● TASK INSTRUCTIONS
Your copy of the entries below should hold exactly the lines from the one containing "Golden Tropical Pineapple" to the one containing "H&M Bezszwowe figi", inclusive, and no pictures.

● SOURCE DATA
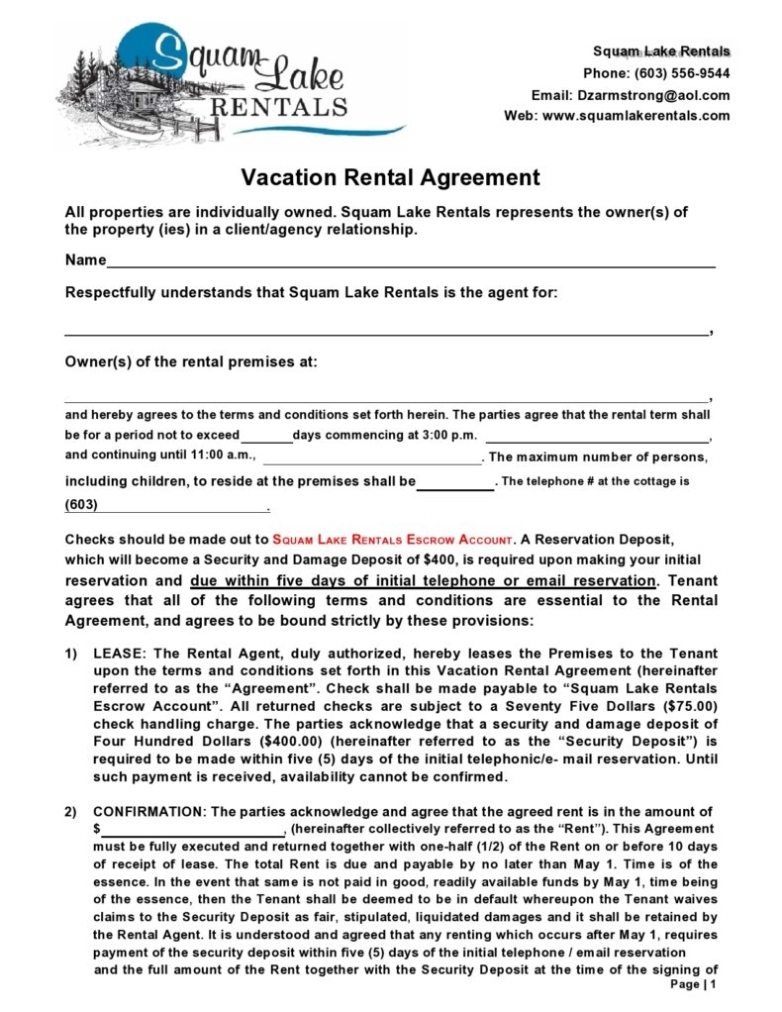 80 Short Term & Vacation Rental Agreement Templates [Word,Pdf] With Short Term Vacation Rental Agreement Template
---
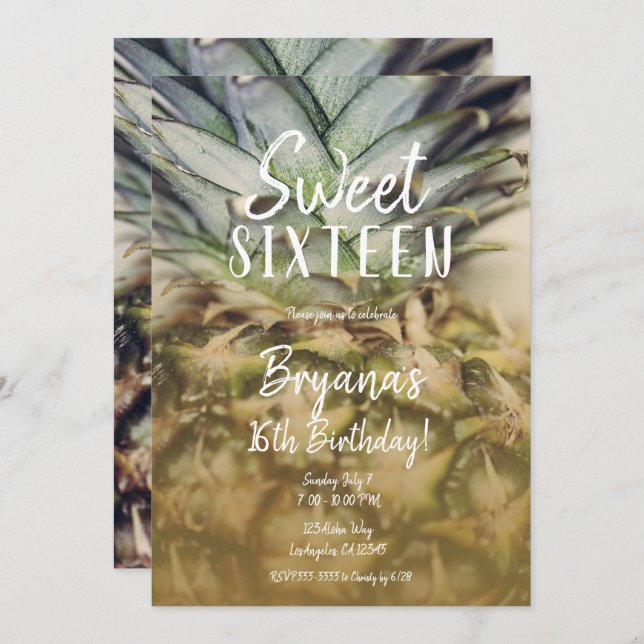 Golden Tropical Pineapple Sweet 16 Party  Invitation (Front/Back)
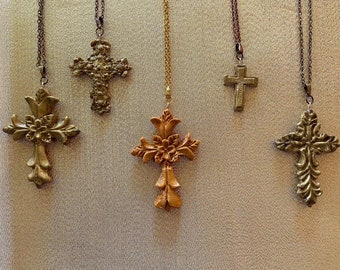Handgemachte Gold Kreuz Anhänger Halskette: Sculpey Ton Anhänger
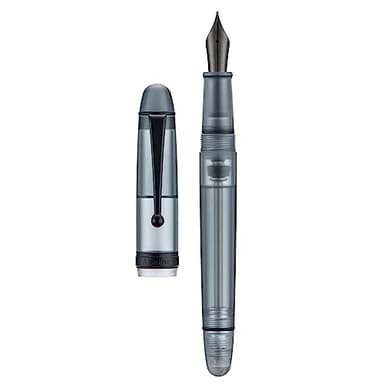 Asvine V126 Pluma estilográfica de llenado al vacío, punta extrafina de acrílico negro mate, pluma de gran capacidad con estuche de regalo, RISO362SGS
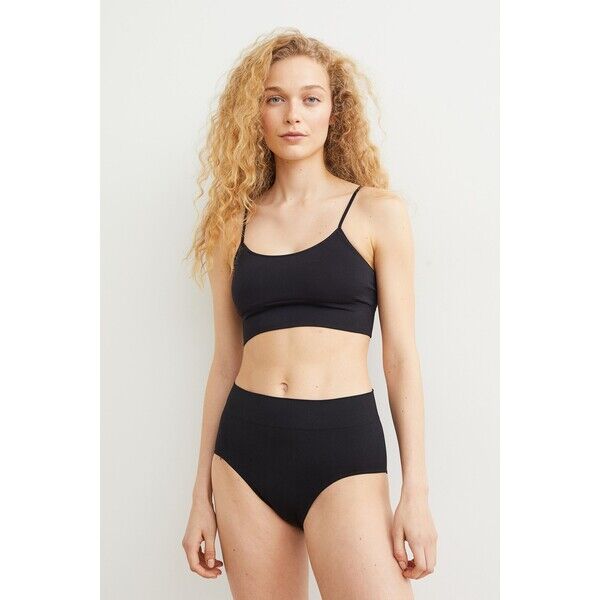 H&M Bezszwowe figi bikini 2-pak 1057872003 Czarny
---
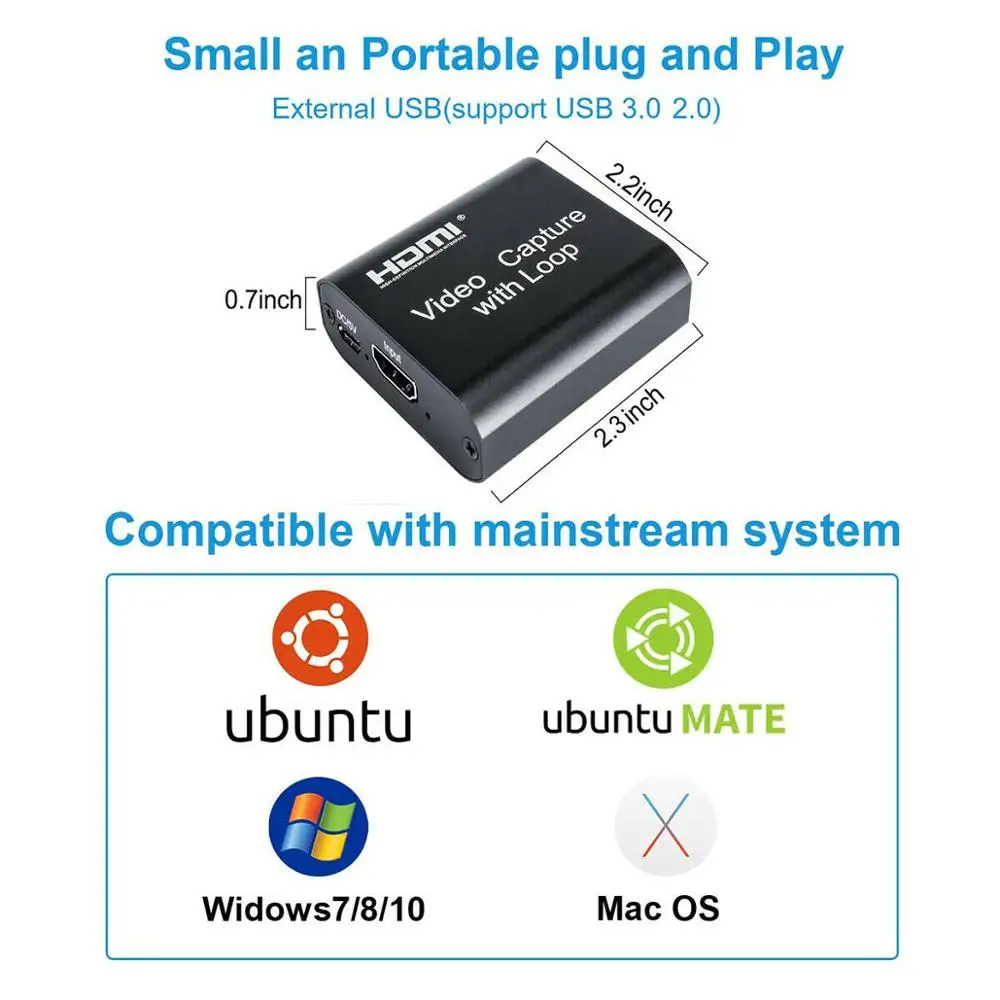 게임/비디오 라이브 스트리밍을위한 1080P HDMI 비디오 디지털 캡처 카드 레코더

● SOLUTION TO THIS PROBLEM
 Golden Tropical Pineapple Sweet 16 Party  Invitation (Front/Back)
Handgemachte Gold Kreuz Anhänger Halskette: Sculpey Ton Anhänger
 Asvine V126 Pluma estilográfica de llenado al vacío, punta extrafina de acrílico negro mate, pluma de gran capacidad con estuche de regalo, RISO362SGS
 H&M Bezszwowe figi bikini 2-pak 1057872003 Czarny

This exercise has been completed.